The final legislation includes provisions Blumenthal authored to support the Coast Guard museum, improve inclusion and diversity within the Coast Guard & improve standards aboard cruise ships
[WASHINGTON, D.C.] – U.S. Senator Richard Blumenthal (D-CT), a member of the Senate Armed Services Committee, announced that the National Defense Authorization Act (NDAA) for Fiscal Year 2021 finalized by the House-Senate Conference Committee includes several provision he championed to support the Coast Guard and improve health and safety standards aboard cruise ships.
“This major investment in the Coast Guard—which has called Connecticut home for more than two centuries—is a major investment in our great state,” Blumenthal said. “This bill invests significantly in the Coast Guard’s current operations, but also looks ahead to strengthen the Coast Guard of the future by making it more diverse and inclusive.”
“I have fought for the Coast Guard Museum in New London for years, and I am proud that with this bill, we are closer than ever to making it a reality.”
“The significant and long-overdue cruise ship health and safety standard improvements included in this bill will make our seas safer for passengers and crew alike. This legislation is a win for Connecticut and for our nation. Congress must act swiftly to pass it.”
The bill authorizes funding for critical Coast Guard operations through the next year at a total of $23 billion over two fiscal years. This represents a significant increase from the last two-year authorization bill—ensuring increased resources for Coast Guard operations in New London, Connecticut.
Blumenthal secured the inclusion of several specific provisions in the bill including:
Blumenthal authored and secured language in the bill that would specifically identify “diversity and inclusion” as the responsibility of the Coast Guard Academy Board of Visitors. Blumenthal also advocated for the inclusion of language establishing an Advisory Board on Women at the Coast Guard Academy to provide female cadets with leadership training and mentorship early in their careers.

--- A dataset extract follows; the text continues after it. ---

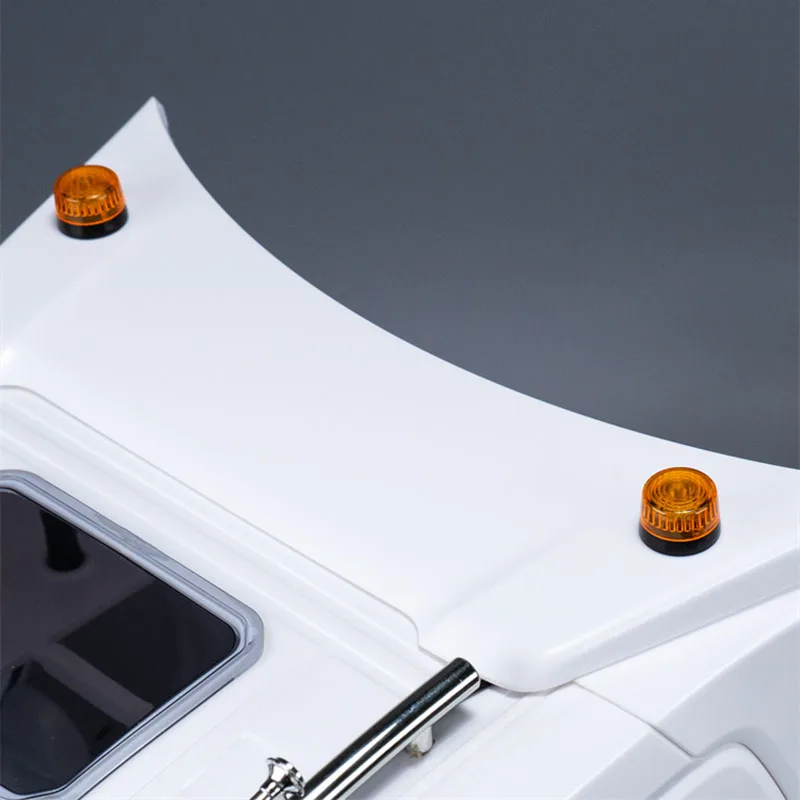 1/14 RC Model LED 360 Degree R - Drone Battery Alarm 评论和价格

The bill also includes Blumenthal’s language to clarify that vessels must have video surveillance equipment in all passenger common areas, and other areas, where there is no expectation of privacy to deter, prevent, and record criminal behavior aboard ships. The bill also allows individuals to access to video surveillance records for civil action purposes, mandates that all video records are kept for at least 20 days after video footage is obtained, and directs the Coast Guard to promulgate final standards within one year detailing requirements for the retention of video surveillance records.